**WHAT THIS TASK INVOLVES**
Once the line containing "60 Gregory St S — Photo 13" is located, give it again exactly, together with each line that follows it to the end of the entries, and add nothing else.
(DATA FOR THIS TASK begins)
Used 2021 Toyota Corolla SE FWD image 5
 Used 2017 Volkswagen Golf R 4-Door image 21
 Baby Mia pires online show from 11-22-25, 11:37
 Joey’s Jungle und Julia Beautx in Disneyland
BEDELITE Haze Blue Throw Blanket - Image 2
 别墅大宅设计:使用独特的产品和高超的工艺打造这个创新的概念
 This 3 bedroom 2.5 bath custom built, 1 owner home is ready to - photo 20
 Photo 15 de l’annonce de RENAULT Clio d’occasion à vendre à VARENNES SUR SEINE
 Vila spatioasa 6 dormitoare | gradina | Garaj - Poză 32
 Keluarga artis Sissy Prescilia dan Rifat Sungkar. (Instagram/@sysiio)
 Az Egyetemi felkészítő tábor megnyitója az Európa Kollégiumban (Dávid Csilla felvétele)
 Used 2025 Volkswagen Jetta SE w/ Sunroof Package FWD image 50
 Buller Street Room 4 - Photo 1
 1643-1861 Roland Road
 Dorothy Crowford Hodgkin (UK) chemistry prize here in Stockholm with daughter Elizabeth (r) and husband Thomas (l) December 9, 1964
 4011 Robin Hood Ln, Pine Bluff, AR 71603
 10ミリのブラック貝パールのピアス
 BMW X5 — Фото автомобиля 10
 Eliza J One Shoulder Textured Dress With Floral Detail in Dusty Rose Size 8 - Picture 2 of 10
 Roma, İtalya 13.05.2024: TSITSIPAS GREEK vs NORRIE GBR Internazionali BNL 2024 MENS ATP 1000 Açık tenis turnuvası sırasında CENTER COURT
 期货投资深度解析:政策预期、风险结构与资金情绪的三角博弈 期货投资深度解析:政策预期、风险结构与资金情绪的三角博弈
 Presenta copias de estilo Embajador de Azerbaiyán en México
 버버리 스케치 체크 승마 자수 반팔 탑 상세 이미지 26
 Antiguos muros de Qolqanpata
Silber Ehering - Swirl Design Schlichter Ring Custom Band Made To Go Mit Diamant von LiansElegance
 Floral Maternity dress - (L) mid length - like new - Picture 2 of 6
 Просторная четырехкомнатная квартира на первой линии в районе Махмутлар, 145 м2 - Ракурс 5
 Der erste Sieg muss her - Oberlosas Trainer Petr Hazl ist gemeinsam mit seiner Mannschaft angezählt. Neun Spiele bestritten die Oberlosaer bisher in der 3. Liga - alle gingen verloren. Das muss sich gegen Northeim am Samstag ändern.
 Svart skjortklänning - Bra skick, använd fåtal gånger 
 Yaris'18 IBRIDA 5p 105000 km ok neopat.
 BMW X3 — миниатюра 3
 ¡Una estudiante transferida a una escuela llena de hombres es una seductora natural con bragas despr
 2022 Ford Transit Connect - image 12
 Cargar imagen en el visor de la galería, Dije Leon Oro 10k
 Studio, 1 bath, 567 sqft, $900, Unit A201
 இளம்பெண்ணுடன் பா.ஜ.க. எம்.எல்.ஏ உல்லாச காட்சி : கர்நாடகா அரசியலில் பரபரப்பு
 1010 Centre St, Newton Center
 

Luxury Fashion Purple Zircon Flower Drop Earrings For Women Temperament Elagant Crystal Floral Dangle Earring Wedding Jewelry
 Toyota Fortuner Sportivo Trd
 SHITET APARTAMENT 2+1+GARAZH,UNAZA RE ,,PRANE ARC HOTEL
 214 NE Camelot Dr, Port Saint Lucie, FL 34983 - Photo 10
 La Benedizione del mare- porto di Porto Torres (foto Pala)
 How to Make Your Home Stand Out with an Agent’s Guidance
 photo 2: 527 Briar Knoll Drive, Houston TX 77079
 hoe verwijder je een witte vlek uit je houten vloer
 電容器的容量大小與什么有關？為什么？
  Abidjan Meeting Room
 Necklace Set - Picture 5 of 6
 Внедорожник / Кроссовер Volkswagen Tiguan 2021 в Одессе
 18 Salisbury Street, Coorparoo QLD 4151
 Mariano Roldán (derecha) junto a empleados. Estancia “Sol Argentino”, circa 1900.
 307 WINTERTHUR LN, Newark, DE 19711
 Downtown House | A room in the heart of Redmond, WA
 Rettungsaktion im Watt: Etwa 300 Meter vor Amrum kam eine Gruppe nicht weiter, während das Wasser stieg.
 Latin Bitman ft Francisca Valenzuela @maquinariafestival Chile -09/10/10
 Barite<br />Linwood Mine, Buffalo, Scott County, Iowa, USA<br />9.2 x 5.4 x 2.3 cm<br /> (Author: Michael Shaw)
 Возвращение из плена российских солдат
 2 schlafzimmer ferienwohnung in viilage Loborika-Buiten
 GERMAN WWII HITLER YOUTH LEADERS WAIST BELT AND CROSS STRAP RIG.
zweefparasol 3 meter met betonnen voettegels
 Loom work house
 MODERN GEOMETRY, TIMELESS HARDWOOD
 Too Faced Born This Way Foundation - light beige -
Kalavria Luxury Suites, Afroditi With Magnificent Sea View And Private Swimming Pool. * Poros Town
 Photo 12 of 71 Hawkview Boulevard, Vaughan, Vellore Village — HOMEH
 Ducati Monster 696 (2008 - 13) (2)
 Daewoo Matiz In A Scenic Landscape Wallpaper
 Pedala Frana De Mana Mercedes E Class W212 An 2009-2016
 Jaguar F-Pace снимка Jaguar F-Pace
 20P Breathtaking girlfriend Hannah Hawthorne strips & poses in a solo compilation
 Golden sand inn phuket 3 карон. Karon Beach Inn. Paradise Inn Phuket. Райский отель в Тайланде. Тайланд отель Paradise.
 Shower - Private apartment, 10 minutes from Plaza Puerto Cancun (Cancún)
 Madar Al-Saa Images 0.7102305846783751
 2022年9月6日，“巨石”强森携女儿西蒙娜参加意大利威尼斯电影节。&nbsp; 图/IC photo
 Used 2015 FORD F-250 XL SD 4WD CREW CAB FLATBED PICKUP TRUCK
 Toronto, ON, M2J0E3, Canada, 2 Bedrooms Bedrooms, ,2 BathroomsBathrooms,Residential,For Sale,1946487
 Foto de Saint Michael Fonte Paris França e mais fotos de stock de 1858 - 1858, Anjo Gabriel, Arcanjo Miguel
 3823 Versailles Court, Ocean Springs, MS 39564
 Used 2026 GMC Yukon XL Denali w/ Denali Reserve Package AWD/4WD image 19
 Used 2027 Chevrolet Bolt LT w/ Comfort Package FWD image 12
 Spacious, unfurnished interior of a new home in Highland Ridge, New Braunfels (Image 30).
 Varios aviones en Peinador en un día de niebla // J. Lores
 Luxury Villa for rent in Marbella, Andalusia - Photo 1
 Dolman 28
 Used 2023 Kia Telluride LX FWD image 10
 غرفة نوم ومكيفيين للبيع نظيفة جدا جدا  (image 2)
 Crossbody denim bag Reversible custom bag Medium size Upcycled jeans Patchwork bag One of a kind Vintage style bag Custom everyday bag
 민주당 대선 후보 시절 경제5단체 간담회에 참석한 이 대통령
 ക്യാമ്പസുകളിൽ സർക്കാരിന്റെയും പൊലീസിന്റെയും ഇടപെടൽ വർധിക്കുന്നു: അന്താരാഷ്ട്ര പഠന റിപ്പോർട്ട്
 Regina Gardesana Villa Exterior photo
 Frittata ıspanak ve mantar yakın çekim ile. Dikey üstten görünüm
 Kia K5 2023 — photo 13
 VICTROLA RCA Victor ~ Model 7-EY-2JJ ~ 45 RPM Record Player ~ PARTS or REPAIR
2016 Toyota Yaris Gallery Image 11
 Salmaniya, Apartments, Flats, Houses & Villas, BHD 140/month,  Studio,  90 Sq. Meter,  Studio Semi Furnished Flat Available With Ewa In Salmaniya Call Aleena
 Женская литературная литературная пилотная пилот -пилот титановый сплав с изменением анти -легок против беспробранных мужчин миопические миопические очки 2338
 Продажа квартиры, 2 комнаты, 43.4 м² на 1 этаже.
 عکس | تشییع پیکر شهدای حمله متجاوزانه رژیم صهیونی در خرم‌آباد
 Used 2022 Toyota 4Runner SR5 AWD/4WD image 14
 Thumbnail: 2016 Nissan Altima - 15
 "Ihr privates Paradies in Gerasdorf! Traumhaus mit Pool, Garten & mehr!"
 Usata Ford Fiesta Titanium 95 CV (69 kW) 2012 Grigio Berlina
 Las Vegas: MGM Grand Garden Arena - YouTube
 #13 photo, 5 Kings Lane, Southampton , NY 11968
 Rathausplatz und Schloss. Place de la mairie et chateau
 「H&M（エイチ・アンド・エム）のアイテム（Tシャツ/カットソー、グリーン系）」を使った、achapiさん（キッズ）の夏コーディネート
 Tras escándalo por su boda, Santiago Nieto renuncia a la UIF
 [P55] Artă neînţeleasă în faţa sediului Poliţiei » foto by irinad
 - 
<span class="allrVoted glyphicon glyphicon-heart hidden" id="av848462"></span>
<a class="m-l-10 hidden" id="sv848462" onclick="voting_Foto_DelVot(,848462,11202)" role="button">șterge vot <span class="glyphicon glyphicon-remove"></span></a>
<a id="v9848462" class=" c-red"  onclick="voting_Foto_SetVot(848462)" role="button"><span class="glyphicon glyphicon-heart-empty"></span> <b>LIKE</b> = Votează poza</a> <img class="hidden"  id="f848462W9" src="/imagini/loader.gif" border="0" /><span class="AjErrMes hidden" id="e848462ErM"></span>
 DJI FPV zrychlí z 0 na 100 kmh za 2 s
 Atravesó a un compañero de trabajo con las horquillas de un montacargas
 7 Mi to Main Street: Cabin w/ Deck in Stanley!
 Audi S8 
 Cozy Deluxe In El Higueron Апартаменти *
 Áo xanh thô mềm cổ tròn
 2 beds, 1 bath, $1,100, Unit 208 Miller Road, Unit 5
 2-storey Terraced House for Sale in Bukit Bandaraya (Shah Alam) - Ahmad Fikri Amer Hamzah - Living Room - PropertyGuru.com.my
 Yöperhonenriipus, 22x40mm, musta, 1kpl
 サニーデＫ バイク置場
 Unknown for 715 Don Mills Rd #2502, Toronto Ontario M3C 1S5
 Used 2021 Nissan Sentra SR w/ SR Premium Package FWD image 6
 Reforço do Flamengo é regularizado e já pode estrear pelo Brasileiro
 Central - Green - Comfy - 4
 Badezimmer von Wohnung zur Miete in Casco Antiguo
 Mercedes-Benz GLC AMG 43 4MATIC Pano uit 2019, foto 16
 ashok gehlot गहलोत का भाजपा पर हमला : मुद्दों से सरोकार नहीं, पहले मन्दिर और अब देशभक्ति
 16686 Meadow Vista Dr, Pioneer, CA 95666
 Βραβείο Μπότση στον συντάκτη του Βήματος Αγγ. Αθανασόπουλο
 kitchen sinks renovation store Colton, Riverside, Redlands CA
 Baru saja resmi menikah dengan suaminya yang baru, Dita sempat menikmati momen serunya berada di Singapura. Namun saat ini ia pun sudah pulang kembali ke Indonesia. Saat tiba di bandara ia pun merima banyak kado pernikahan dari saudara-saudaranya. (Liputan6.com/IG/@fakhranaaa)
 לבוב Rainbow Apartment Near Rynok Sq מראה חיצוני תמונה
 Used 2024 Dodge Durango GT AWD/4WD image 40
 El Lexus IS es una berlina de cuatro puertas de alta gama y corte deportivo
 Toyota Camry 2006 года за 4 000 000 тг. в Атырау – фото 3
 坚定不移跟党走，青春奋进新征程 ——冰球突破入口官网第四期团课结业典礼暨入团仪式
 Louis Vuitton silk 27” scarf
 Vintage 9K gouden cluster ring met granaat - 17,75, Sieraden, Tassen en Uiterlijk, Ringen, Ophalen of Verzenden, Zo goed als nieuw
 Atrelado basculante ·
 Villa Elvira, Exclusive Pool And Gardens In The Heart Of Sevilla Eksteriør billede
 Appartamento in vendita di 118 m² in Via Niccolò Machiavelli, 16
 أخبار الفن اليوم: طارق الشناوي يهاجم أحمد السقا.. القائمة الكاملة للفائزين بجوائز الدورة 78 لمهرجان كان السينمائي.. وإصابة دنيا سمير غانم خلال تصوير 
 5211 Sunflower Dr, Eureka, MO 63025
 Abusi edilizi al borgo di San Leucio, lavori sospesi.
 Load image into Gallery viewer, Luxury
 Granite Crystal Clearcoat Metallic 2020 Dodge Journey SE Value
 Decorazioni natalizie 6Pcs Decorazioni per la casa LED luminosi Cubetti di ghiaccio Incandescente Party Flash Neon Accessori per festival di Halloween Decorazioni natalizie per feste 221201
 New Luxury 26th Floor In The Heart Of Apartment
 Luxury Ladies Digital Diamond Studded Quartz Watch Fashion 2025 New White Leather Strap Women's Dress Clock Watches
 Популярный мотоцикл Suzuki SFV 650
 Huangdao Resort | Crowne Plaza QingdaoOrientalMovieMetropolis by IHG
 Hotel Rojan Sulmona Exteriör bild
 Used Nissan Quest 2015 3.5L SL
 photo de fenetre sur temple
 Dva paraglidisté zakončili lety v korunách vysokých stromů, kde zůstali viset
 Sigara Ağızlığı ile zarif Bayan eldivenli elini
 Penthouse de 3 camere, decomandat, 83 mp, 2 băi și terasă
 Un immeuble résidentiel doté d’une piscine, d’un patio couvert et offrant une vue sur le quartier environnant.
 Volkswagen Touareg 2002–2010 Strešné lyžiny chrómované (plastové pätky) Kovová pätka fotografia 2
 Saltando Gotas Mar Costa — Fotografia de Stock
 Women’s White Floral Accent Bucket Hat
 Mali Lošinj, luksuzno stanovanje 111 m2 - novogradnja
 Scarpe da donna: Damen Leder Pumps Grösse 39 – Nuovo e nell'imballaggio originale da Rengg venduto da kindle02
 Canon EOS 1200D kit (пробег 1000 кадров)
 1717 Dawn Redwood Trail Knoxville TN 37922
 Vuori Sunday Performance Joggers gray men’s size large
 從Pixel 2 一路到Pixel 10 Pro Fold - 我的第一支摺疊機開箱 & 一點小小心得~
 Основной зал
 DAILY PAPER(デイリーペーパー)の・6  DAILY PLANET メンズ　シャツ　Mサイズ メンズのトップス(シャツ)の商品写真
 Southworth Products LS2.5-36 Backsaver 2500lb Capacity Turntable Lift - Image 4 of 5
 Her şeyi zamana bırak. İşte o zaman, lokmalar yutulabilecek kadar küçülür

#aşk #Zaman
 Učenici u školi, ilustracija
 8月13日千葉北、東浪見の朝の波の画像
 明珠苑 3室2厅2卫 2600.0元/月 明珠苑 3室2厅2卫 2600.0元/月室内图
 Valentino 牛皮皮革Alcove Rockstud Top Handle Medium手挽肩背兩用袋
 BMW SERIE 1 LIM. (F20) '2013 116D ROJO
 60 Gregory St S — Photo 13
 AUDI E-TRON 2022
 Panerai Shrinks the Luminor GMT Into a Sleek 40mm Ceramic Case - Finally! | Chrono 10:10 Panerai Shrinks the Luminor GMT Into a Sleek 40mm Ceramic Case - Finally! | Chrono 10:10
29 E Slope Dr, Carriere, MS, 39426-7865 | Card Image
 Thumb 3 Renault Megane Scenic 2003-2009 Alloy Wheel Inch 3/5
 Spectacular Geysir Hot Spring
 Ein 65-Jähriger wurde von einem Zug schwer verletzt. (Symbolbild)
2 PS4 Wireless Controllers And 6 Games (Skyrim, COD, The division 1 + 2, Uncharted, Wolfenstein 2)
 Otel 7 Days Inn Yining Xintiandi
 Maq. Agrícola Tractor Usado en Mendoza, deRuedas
(DATA FOR THIS TASK ends)
**EXPECTED ANSWER**
 60 Gregory St S — Photo 13
 AUDI E-TRON 2022
 Panerai Shrinks the Luminor GMT Into a Sleek 40mm Ceramic Case - Finally! | Chrono 10:10 Panerai Shrinks the Luminor GMT Into a Sleek 40mm Ceramic Case - Finally! | Chrono 10:10
29 E Slope Dr, Carriere, MS, 39426-7865 | Card Image
 Thumb 3 Renault Megane Scenic 2003-2009 Alloy Wheel Inch 3/5
 Spectacular Geysir Hot Spring
 Ein 65-Jähriger wurde von einem Zug schwer verletzt. (Symbolbild)
2 PS4 Wireless Controllers And 6 Games (Skyrim, COD, The division 1 + 2, Uncharted, Wolfenstein 2)
 Otel 7 Days Inn Yining Xintiandi
 Maq. Agrícola Tractor Usado en Mendoza, deRuedas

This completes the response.